━━━ Recorded data ━━━
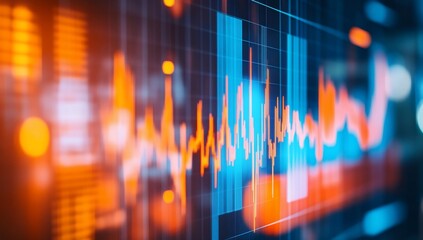 Financial data displayed on a screen, showing fluctuating graphs and charts in vibrant colors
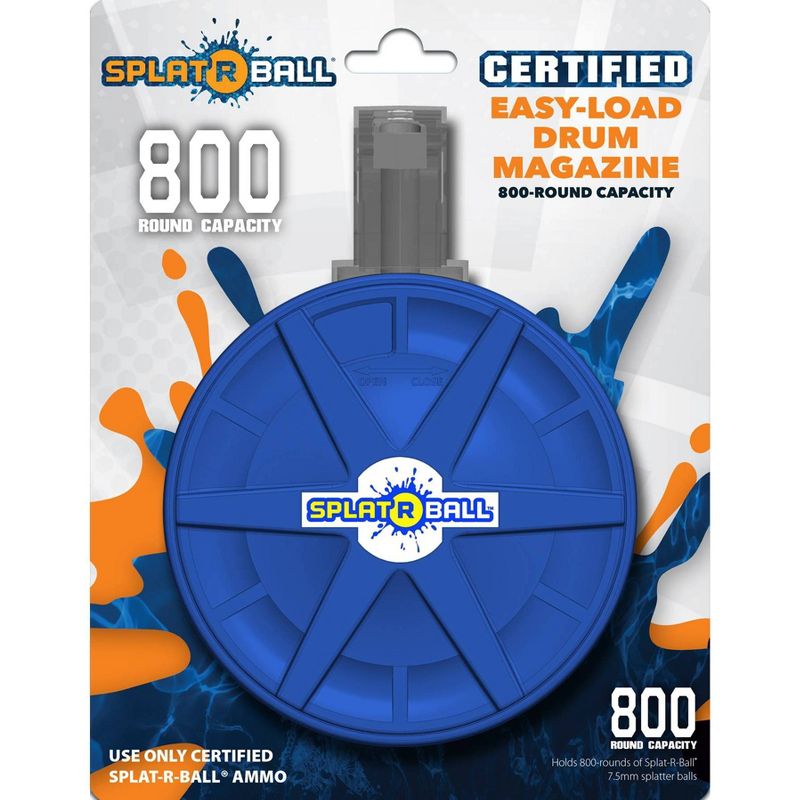 Splat-R-Ball Water Bead Blaster Easy-Load Blue Drum Magazine 800 round capacity, 2 of 4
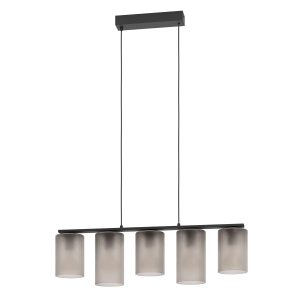 EGLO hanglamp Colomera – e27 – 80 cm – zwart/mat grijs EGLO hanglamp Colomera – e27 – 80 cm – zwart/mat grijs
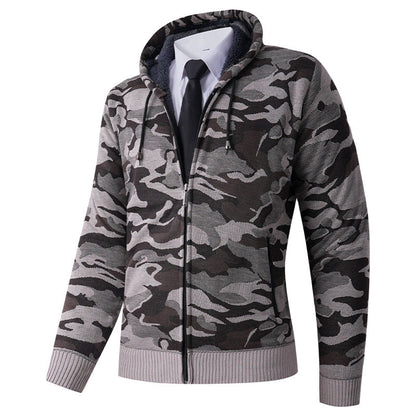 Herren Hoodie Camouflage Kapuze Gefüttert Modern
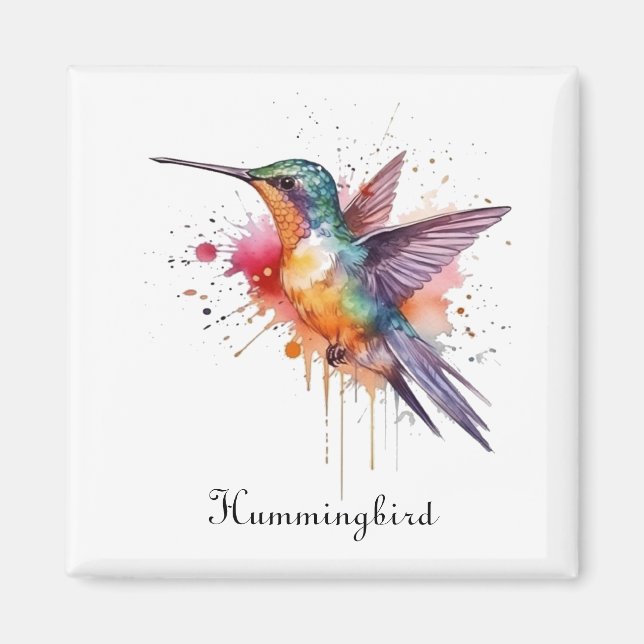 Colorful Flight, watercolor hummingbird custom Magnet (Front)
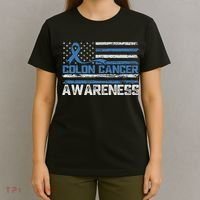 Colon Cancer Awareness Month American Flag Ribbon T-Shirt thumb 4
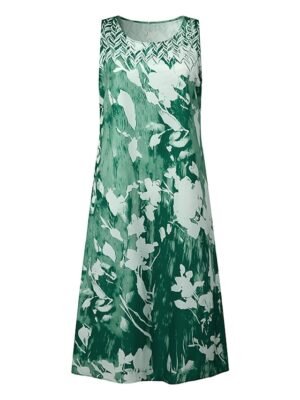 Casual Two Piece Floral U Neck Half Sleeve Midi Dress - Image 4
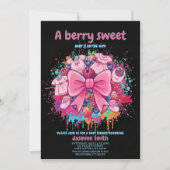 Pink Coquette Baby Clothes Berry Sweet Baby Shower 招待状 (正面)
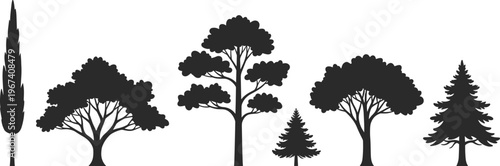 Various Tree Silhouettes Set Featuring Cypress, Oak, Pine, and Fir Trees for Nature, Landscaping, and Environmental Design Projects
━━━
Repeat the data verbatim, excluding all pictures.

**Result below:**
 Financial data displayed on a screen, showing fluctuating graphs and charts in vibrant colors
 Splat-R-Ball Water Bead Blaster Easy-Load Blue Drum Magazine 800 round capacity, 2 of 4
 EGLO hanglamp Colomera – e27 – 80 cm – zwart/mat grijs EGLO hanglamp Colomera – e27 – 80 cm – zwart/mat grijs
 Herren Hoodie Camouflage Kapuze Gefüttert Modern
 Colorful Flight, watercolor hummingbird custom Magnet (Front)
 Colon Cancer Awareness Month American Flag Ribbon T-Shirt thumb 4
 Casual Two Piece Floral U Neck Half Sleeve Midi Dress - Image 4
 Pink Coquette Baby Clothes Berry Sweet Baby Shower 招待状 (正面)
 Various Tree Silhouettes Set Featuring Cypress, Oak, Pine, and Fir Trees for Nature, Landscaping, and Environmental Design Projects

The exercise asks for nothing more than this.